To do:
Find the line that contains "Mitsubishi Outlander III". Then set down that line and all the lines after it, to the end of the records, exactly and with nothing added.

Top of Dataset excerpts

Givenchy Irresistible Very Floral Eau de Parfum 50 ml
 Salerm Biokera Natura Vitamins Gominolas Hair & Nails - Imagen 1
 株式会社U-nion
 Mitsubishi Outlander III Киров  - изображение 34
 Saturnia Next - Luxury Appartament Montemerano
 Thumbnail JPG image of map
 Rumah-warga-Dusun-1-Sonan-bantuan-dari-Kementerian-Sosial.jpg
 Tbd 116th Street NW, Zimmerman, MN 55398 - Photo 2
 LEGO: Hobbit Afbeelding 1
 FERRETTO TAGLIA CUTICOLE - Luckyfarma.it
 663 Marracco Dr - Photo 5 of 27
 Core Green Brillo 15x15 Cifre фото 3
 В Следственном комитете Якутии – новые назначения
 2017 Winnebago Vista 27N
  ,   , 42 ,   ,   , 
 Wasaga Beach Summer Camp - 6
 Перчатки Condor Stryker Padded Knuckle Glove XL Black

Bottom of Dataset excerpts

Written reply:
 Mitsubishi Outlander III Киров  - изображение 34
 Saturnia Next - Luxury Appartament Montemerano
 Thumbnail JPG image of map
 Rumah-warga-Dusun-1-Sonan-bantuan-dari-Kementerian-Sosial.jpg
 Tbd 116th Street NW, Zimmerman, MN 55398 - Photo 2
 LEGO: Hobbit Afbeelding 1
 FERRETTO TAGLIA CUTICOLE - Luckyfarma.it
 663 Marracco Dr - Photo 5 of 27
 Core Green Brillo 15x15 Cifre фото 3
 В Следственном комитете Якутии – новые назначения
 2017 Winnebago Vista 27N
  ,   , 42 ,   ,   , 
 Wasaga Beach Summer Camp - 6
 Перчатки Condor Stryker Padded Knuckle Glove XL Black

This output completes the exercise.